Hence, the Leimkhuler curve is a cumulative distribution function of a random variable having the Bradford distribution. We will use an analogous procedure as the one suggested by Shao et al. (2023) with respect to the Leimkhuler curve to get the corresponding cost space and compare their results obtained for WAUC procedure.
2. It is well known that the area below the Murphy curve is equal to the half of the mean Brier score and the area below the Brier curve (see Hernándes-Orallo et al. (2011)) is equal to the mean Brier score. Then, using again the methodology of Shao et al. (2023) we will extend the results of Hernándes-Orallo et al. (2011) when the cost distribution is different than the uniform one. Finally, we will show the corresponding weighted versions in cost space of Murphy curves.
References:
Balakrishnan, N., Sarabia, J.M. and Kolev, N. (2010). A simple relation between Leimkhuler curve and the mean residual life. Joutnal of Informetrics 4, 602-607.
Burrell, Q. (1991). The Bradford distribution and the Gini index. Scientometrics 21, 181-194.
Dimitriadis T., Gneiting T. and Jordan, A. I. (2021). Stable reliability diagrams for probabilistic classifiers. Proceedings of the National Academy of Sciences 118, Article e2016191118.

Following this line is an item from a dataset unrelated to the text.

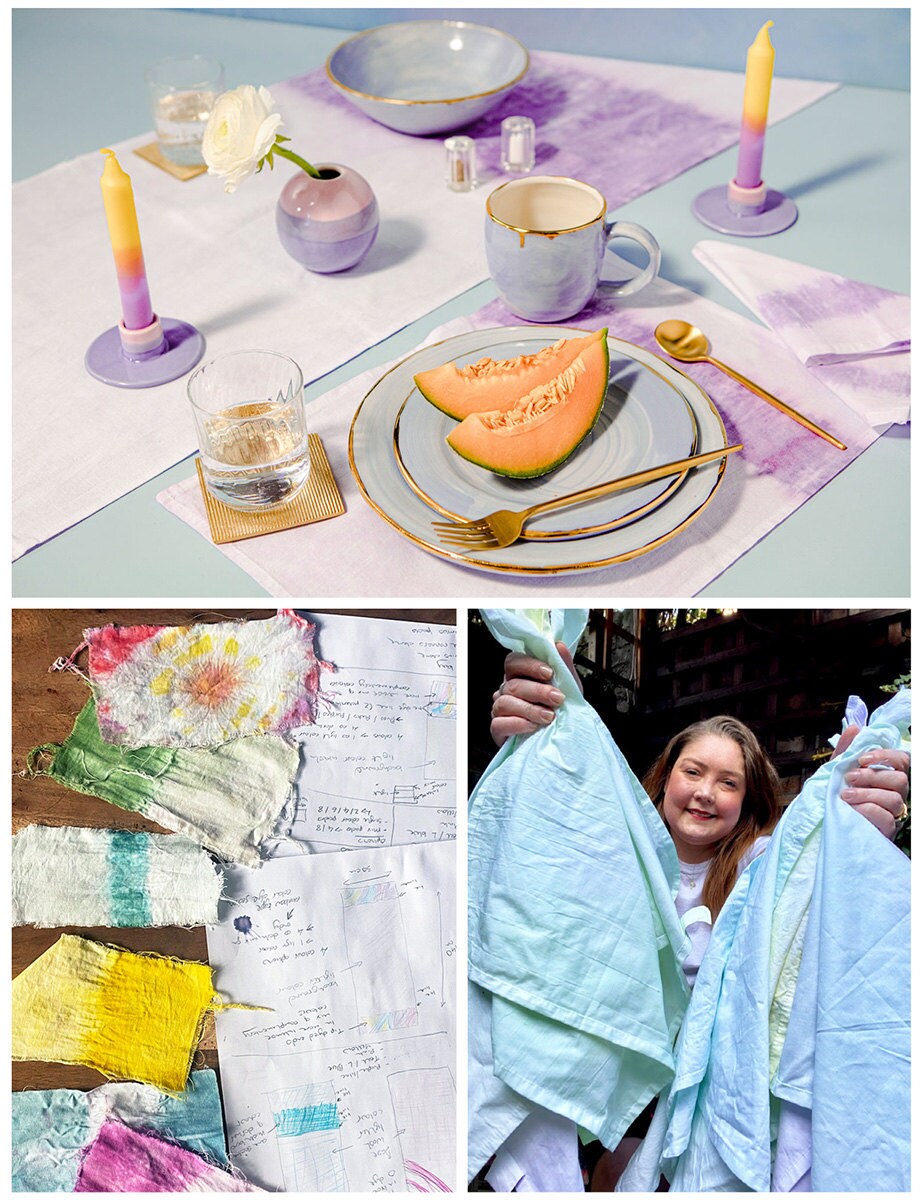 A collage of three images. Clockwise from top: A table set with ombre linens; the maker holding their napkins; a work-in-progress shot.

Dimitriadis, T., Gneiting, T., Jordan, A. I. and Vogel, P. (2024). Evaluating probabilistic classifiers: The triptych. International Journal of Forecasting 40, 1101-1122.
Hernández-Orallo J., Flach P. and Ferri C. (2011). Brier curves: A new cost-based visualizationof classifier performance. In: Proceedings of the 28th International Conference on Machine Learning.
Hernández-Orallo J., Flach P. and Ferri C. (2013). ROC curves in cost space. Machine Learning 93, 71-91.
Shao, H, Qianqian X., Zhiyong Y., Peisong W., Peifeng G. and Qingming H. (2023). Weighted ROC curve in cost space: Extending AUC to cost-sensitive learning. In: Advances of Neural Information Processing Systems (NeurIPS 2023) 36, 17257-17368.